Ditchling Common, north of the village, is the source of the eastern River Adur which meets with the western River Adur near Henfield and flows in to the English Channel at Shoreham-by-Sea.
History
The history of Ditchling starts in Saxon times, when the people of Dicul settled here and King Alfred the Great held lands as a Royal Manor.
It is unknown exactly when the people of Dicul settled in the village, but Ditchling is first recorded in 765 as Dicelinga in a grant by King Alduuf of land bordering that of Ditchling. Later it is recorded that the Manor and its lands were held by King Alfred. When Alfred died in the year 900 it was given to a kinsmen named Osferth, and then reverted to the Crown under Edward the Confessor. After the Norman conquest, the land was held by William de Warenne. The Domesday book mentions a church and a mill in Ditchling and the population was approx 150 households. The land passed through several hands until in 1435 it was owned by the Marquess of Abergavenny who held it until the 20th century, when it was sold to developers who failed to get planning permission to build.
Source: Wikipedia
Day Trip to Rotherfield
Rotherfield lies halfway between Mayfield and Crowborough on top of a hill in an area of outstanding beauty. It is the source of the River Rother, which springs from a cellar in a house in the village, and the River Uck.

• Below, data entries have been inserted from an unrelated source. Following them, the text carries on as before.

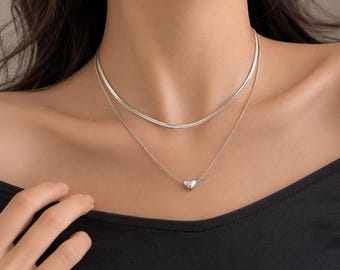 Collar minimalista de doble capa en tono plateado con forma de corazón, gargantilla delicada de cadena de serpiente, elegante collar para la clavícula, joyería de lujo discreta, regalo para ella.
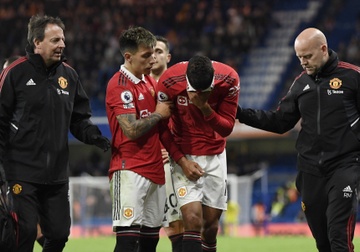 Varane co the nghi het mua nhu Martinez hinh anh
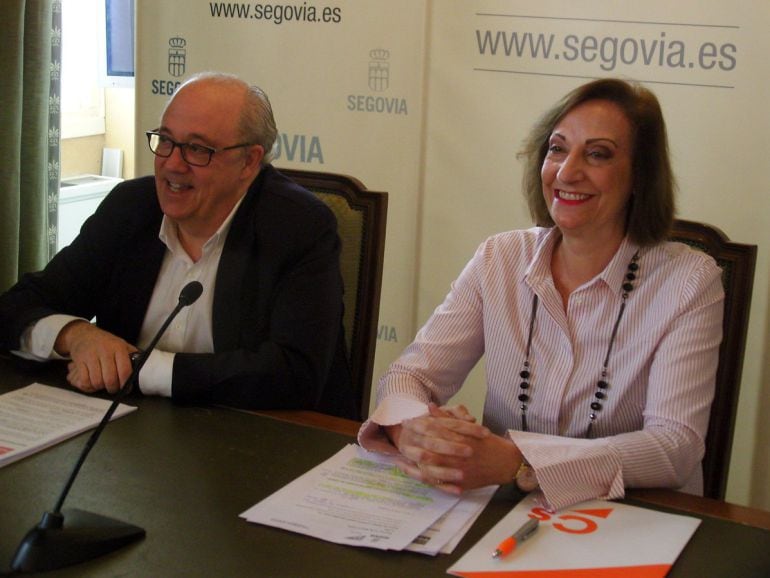 Alfonso Reguera, portavoz del Grupo Municipal PSOE y María José Garcia Orejana, portavoz de C´s.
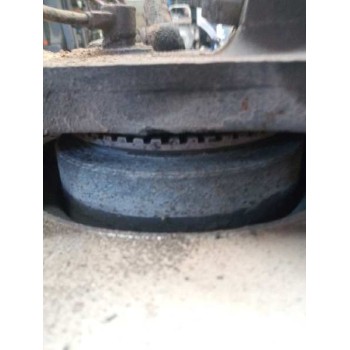 Recambio de mangueta delantera izquierda para iveco daily combi referencia OEM IAM 500350156  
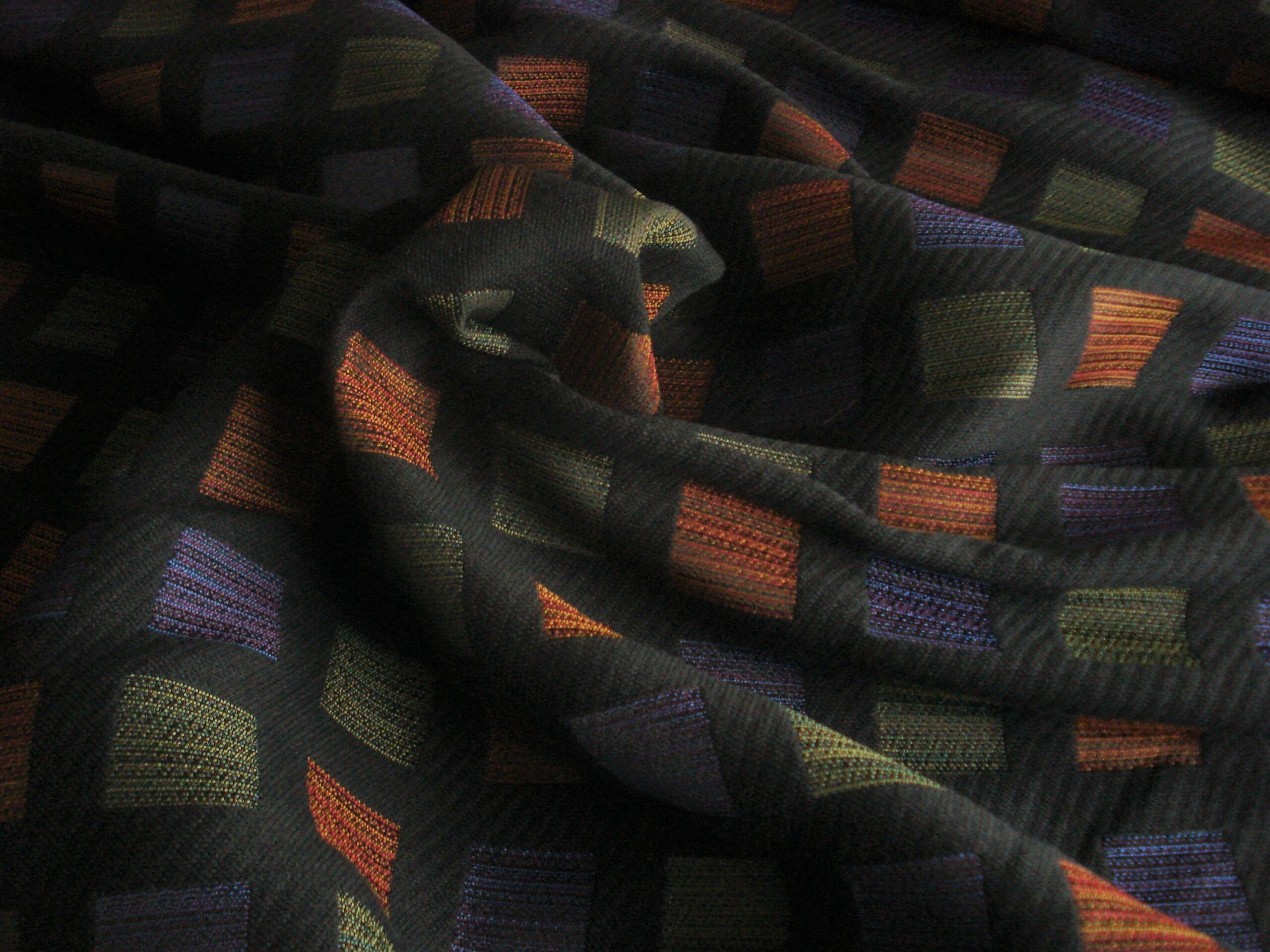 Tejido f/negro cuadros c/naranja, verde, lila, ancho 1.50mts.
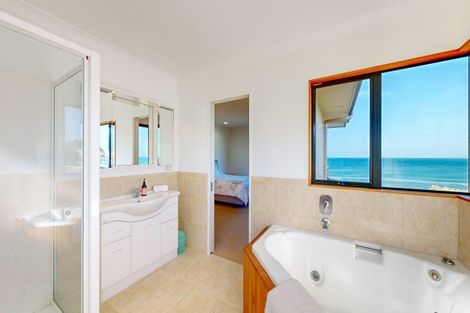 Photo of property in 5 Kon Tiki Road, Whiritoa, Whangamata, 3691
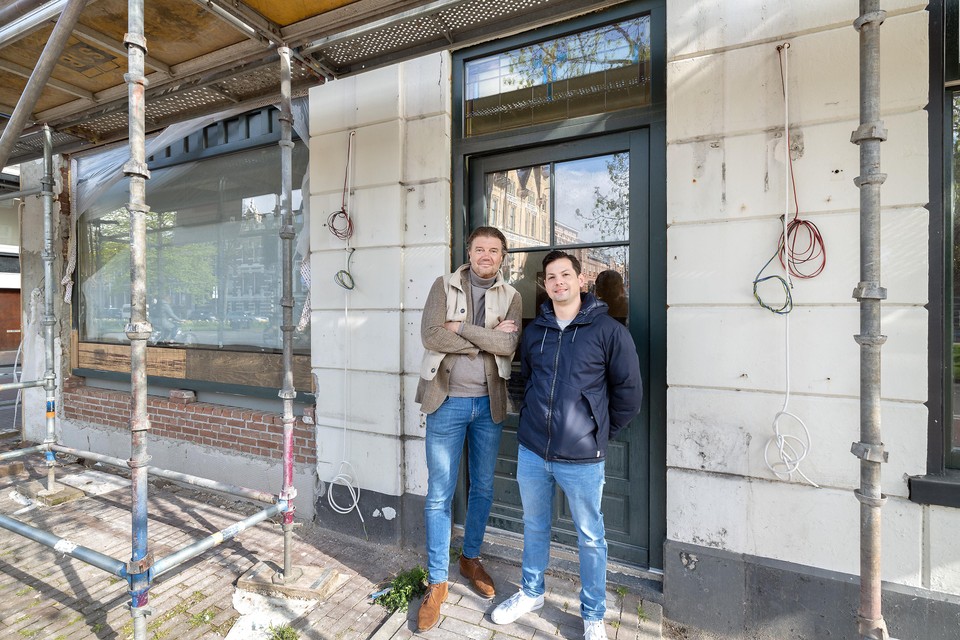 Eigenaar Patrick Lommers en Elger van Agthoven, die het gezicht wordt van Café de Paris.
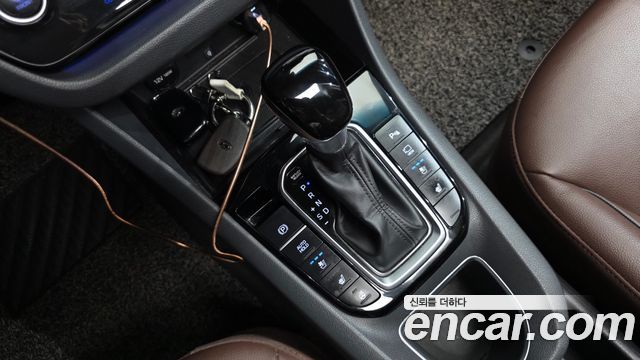 Hyundai Ioniq 2020 — photo 12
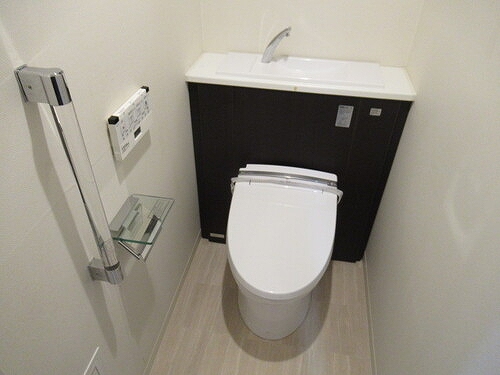 トイレ　洗浄便座付きトイレ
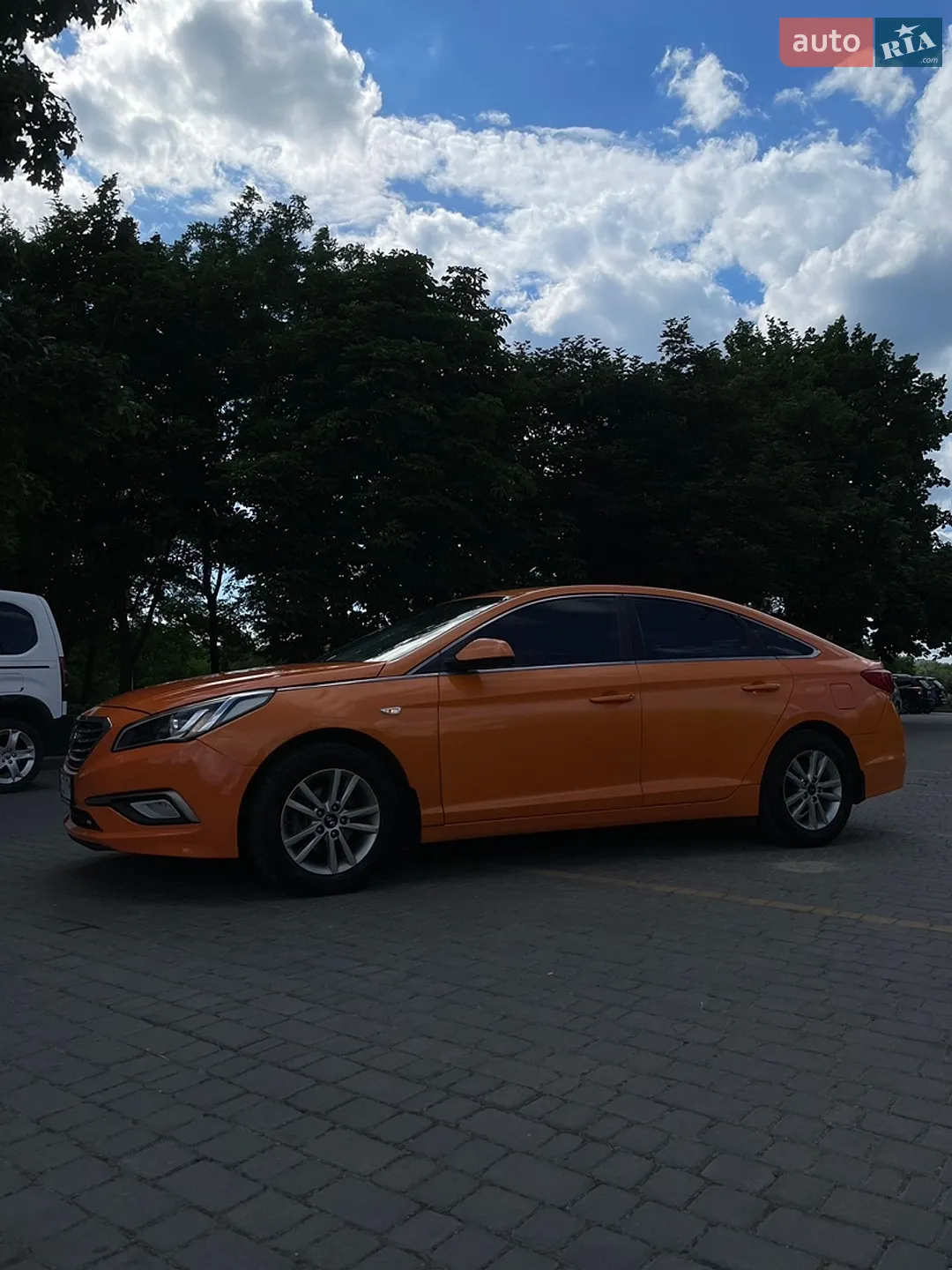 Hyundai Sonata 2015 VIN KMHE341DBFA099699 фото оголошення 3 з 12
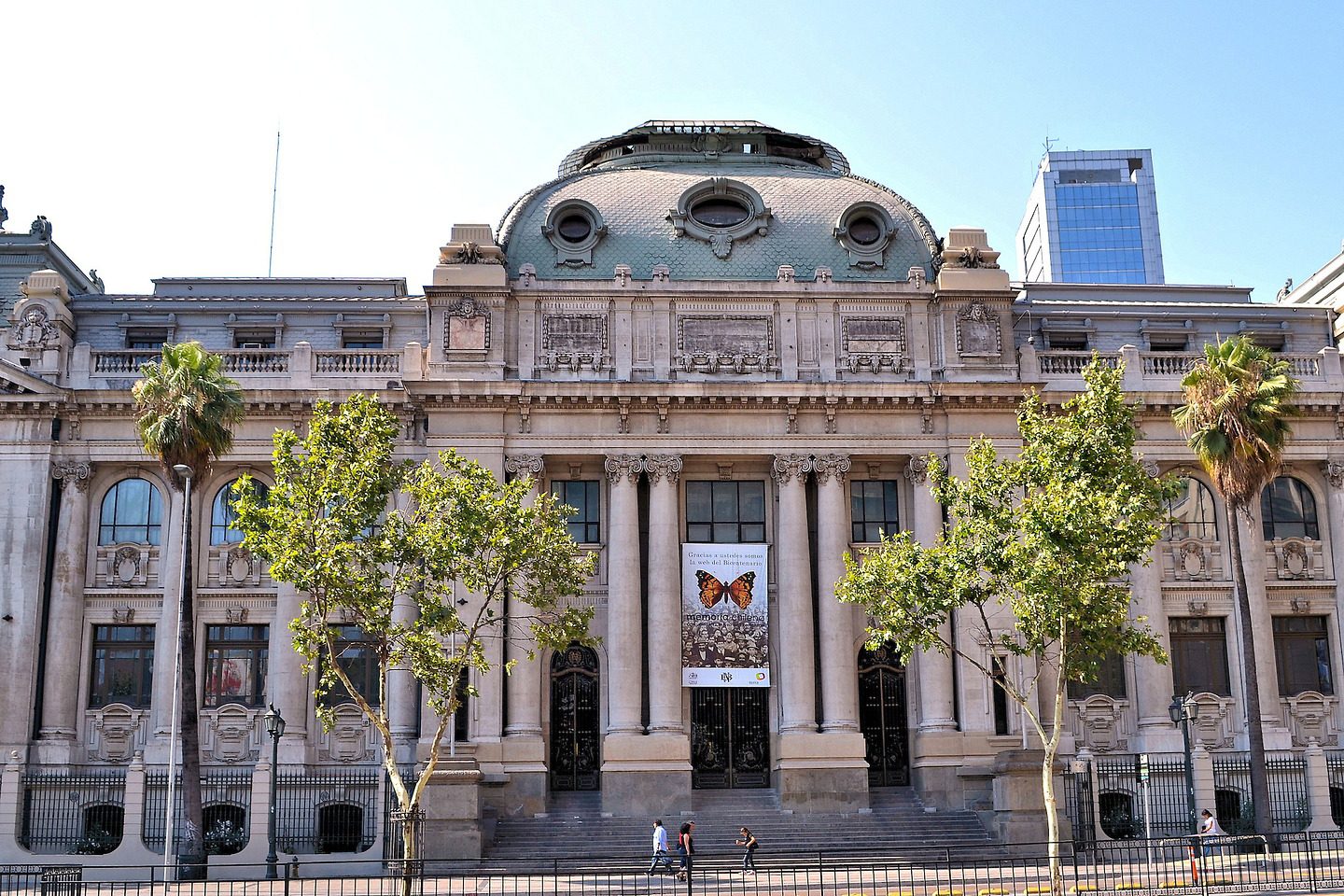 National Library of Chile in Santiago, Chile Encircle Photos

There are written records of Rotherfield in the 8th century. It was featured in the Domesday Book and in various other medieval documents. Three inhabitants were burnt at the stake for their religious beliefs in Tudor times.
Rotherfield was originally a Saxon settlement in an area generally covered with oak forest. The church stands at the top of the hill, which was then surrounded by cleared land.
The areas nearest to the valley bottoms, where water was available, were farmed.
After an excellent traditional pub-meal at the Catts Inn with very friendly service, we set out on our 8.5 km walk on the warm and sunny afternoon.
The Pub!
St Denys Church
Distant Rotherfield
Dewlands Manor Golf Club
A wood full of bluebells
Typical countryside
Pass with difficulty
St Michael and All Angels Church, Jarvis Brook
Erosion
Iron-rich stream
Hornshurst Wood, Rotherfield
Day Trip to Buxted
The origin of the name buxted comes from the Sacon Bochs Stede which means the “place of the Beeches”
The iron-making industry became a major part of Buxted’s early prosperity. The first standard blast furnace was called Queenstock and was built in Buxted parish in about 1491.The cannon-making industry in the Weald started at a furnace on the stream at Hoggets Farm lying to the north between Buxted and Hadlow Down. The first cast iron cannon made in England was cast in 1543 by Ralf Hogge, an employee of Parson William Levett, a Sussex rector with broad interests, paradoxically enough, in the emerging English armaments industry.
Levett was removed as Buxted’s vicar in 1545 by Thomas Cranmer, Archbishop of Canterbury. But thanks to friends in high places, Levett was quickly reinstated. After regaining his clerical position, Levett died a very wealthy man, thanks to his iron mining and smelting operations, originally founded by his brother John Levett, one of the founders of the Sussex iron industry and one of the wealthiest men in Sussex, who controlled 20 Sussex manors at his death in 1535. The family is of Norman descent and one of the oldest in Sussex. William and John Levett were the sons of a large landowner in the Hollington area of Hastings, Sussex. In his lengthy will, parson William Levett left large charitable bequests which he directed be supervised by his friend Anthony Browne, 1st Viscount Montagu.Richard woodman an ironmaster was born here, but he was burnt as a Protestant martyr in 1557.
The manor house, known as Bauxted Park, was purchased by the then Prime Minister, the Earl of Liverpool, in the early part of the 19th century. He set about extending the park surrounding the house, and eventually coerced the villagers to vacate their own houses to enable him to do so. The village (although not the church) was cleared away and the village then took up its present location. By 1836 the entire original village centre was no more, having been relocated to the site it occupies today. Some of the outlying houses pre-date this move, such as Britts, a 17th-century farmhouse, which still stands. The original manor house was built further down the hill next to the railway where Queen Victoria once visited – the house being the Chequers of its day. The original house burnt down in the latter part of the 19th century and was rebuilt in its present location.